Following December 7, 1941 – a date that will live in infamy – Franklin Roosevelt addressed the American people with the words, “The only thing we have to fear is fear itself.”
Ronald Reagan rallied the nation by employing a biblical vision of America as “A city set on a hill.”
No hero has been more highly honored among us than Martin Luther King Jr., whose hope for America included the words “I have a dream that one day on the red hills of Georgia, the sons of former slaves and the sons of former slave owners will be able to sit together at the table of brotherhood … ”
Cesar Chavez rallied desperately poor, undervalued migrant farm workers with the cry "Si, se puede!” (Yes, we can.)
These leaders offered all Americans, the great middle class and the poor, avenues to gain access to better lives. One progressive president after another — from FDR to Barack Obama — supported organized labor that filled factories and businesses with tens of thousands of workers who were now able to support their families with the decent wages unions negotiated.
Organized labor became the nation’s great middle-class fulcrum. Union’s clout in the industrial Midwest produced amazing results until attacked by conservatives who subsequently took these factories overseas, creating in Pennsylvania, Ohio, Michigan and Wisconsin what we call “the Rust Belt.” These same conservative forces now resist a minimum wage of $15 an hour, a level that would generate even too little to support most families, yet might allow their middle-class communities to survive.
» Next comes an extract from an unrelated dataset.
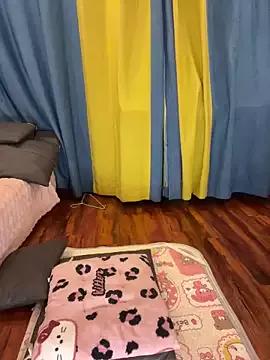 qiqi_x from StripChat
This lighthouse of hope has grown dim. We are now divided internally and isolated from the rest of the world — except for the worst tyrants. The president refuses to acknowledge the environmental crisis, and he is a petulant, bitter and arrogant liar. And now he may face impeachment not only for his reprehensible telephone blunder but also for obstruction of justice.
The problem, however, resides not just with our egomaniac president but also with the collapse of a formerly reputable political party. But there is reason to hope. We have recovered before and we will again. From now until November 2020, the majority of Americans must make the case that will lead to the recovery of an angry nation on the edge of cynical despair.
We are a better people whose greatness lies in deeply rooted values. So our task is clear. Get your life behind it.